Covid: Catch-up tuition not helping poorest pupils, says NAO
- Published
The government's programme to help pupils who have missed school time catch up may not be reaching the most disadvantaged children, a report says.
The National Tutoring Programme was launched last year to give extra tuition to the UK's poorest pupils.
But fewer than half of pupils who have already received tuition as part of the scheme are from the poorest families, a National Audit Office report found.
The Department for Education says it has invested £2bn to help pupils.
Chair of the Commons Public Accounts Committee, Meg Hillier, said the Department for Education's "failure to do its homework" had hit children who were already most disadvantaged.
The Labour MP said: "DfE must now ensure its support is properly targeted to prevent the gap between disadvantaged children and their peers from widening even further."
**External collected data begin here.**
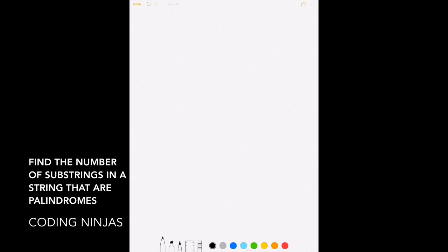Hi everyone, this is Ankhush and today we'll be discussing the problem that we posted last time. The problem states that we are given a string and we have to check how many substrings of this string are palindromes.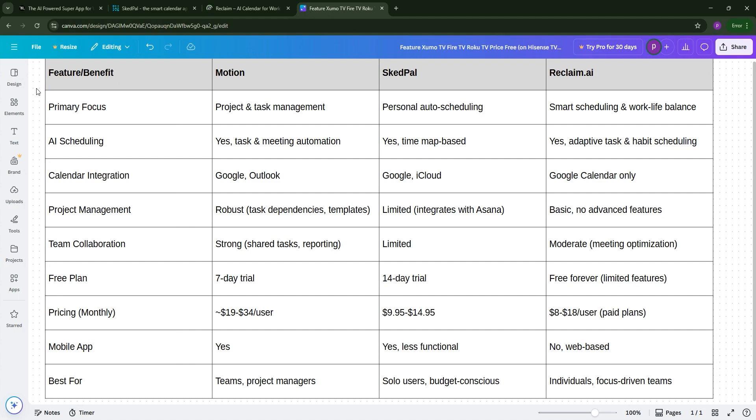So, Motion is best for teams, Schedpal is best for solo users, and Reclaim is best for work-life balance. Check out the comparison chart below to see the differences at a glance. Which tool fits your work style? Let us know in the comments, don't forget to like and subscribe for more productivity tips, and I'll see you in the next one.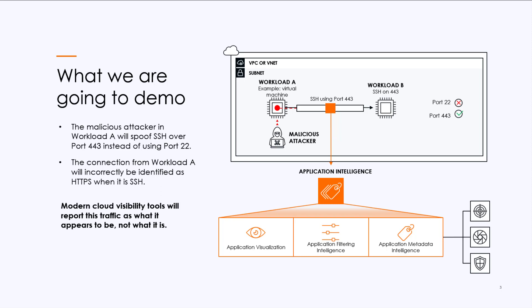Most modern cloud visibility tools report traffic as it appears to be, but not what it actually is. Now, on to the demo.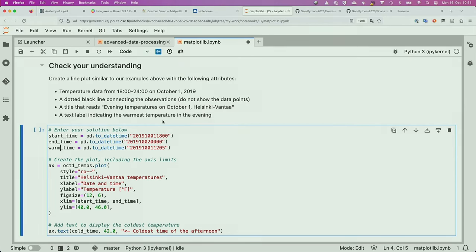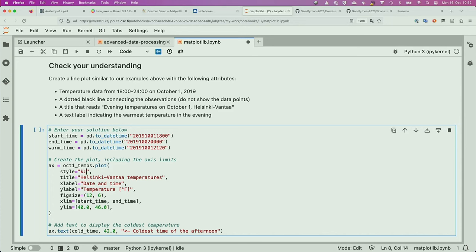Normally you would make the plot and then look to see what the warmest temperature is, or come up with a clever way to find the maximum temperature for this date. But in this case, we'll say we already know it: it's at 2120 on the evening of October 1st, 2019. We were asked to do a black dotted line connecting the observations without showing the data points. The letter K is for black, and the dotted line uses the colon symbol.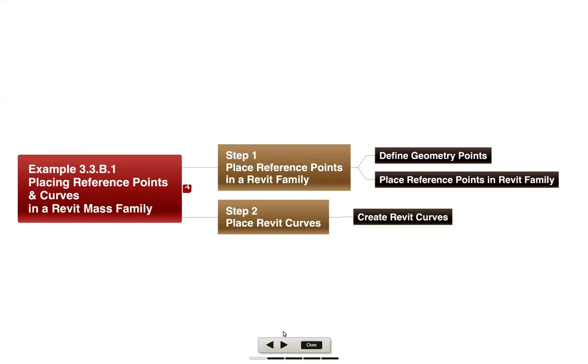Let's start our journey with thinking about how we can place model elements using Dynamo geometry with a very simple example - placing some reference points in curves in a Revit mass family.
In June last year, Prime Minister Boris Johnson announced a £1bn catch-up fund to help pupils in England.
The package included £350m for the National Tutoring Programme to help the most disadvantaged pupils, as well as £650m for schools to help children from all backgrounds catch up.
Although the tuition scheme is aimed at disadvantaged children, the Dfe has not specified what proportion of children accessing it should be disadvantaged.
The report found that of the 125,200 children who had been allocated a tutoring place by February, 41,100 had started to receive tuition. Of those, 44% were eligible for pupil premium funding - a grant given to schools in England to help disadvantaged children.
That raised "questions over the extent to which the scheme will reach the most disadvantaged children", the report said.
Academic mentors are also being placed in schools serving poorer communities to help provide intensive catch-up support. But demand had "outstripped supply", the report added.
Mentors had been placed in 1,100 schools by February, but it had received requests from 1,789 eligible schools - meaning more than 600 had not received one.
The report says the disruption caused by the Covid-19 pandemic had been an "unprecedented challenge" for the DfE.
But it says aspects of its response could have been better and done more quickly. The DfE had no pre-existing plan for managing mass disruption to schooling, it added.
Laptops and routers
In April last year, the DfE considered providing 602,000 laptops or tablets and 100,000 4G routers to ensure vulnerable children and those in priority year groups had access to digital devices.
But due to the practical difficulty of supplying so many devices, it decided to instead focus on children with a social worker and care leavers, alongside disadvantaged pupils in Year 10 - a total of 220,000 laptops and tablets, and 50,000 routers.
The report said "substantial amounts of equipment did not reach local authorities and academy trusts until June", meaning many children may not have been able to access remote learning until well into the second half of the summer term.
Gareth Davies, head of the NAO, said it was "crucial that the department monitors the impact of its catch-up arrangements, particularly on disadvantaged children, and acts on the results".
And Kevin Courtney, joint general secretary of the National Education Union, said the government had "been the cause of a great deal of unnecessary confusion and upset" and had "prioritised good press over good practice".
Cllr Judith Blake, chair of the Local Government Association's Children and Young People Board, said it was "vital that catch-up support is strictly targeted to avoid any further widening of education gaps between disadvantaged pupils and their peers".
A DfE spokesperson said it had "acted swiftly at every turn to help minimise the impact on pupils' education and provide extensive support for schools, colleges and early years settings".
"We have invested over £2bn into schemes to provide pupils with devices for remote education and ambitious catch-up plans - with funding targeted at disadvantaged children and young people who need support the most."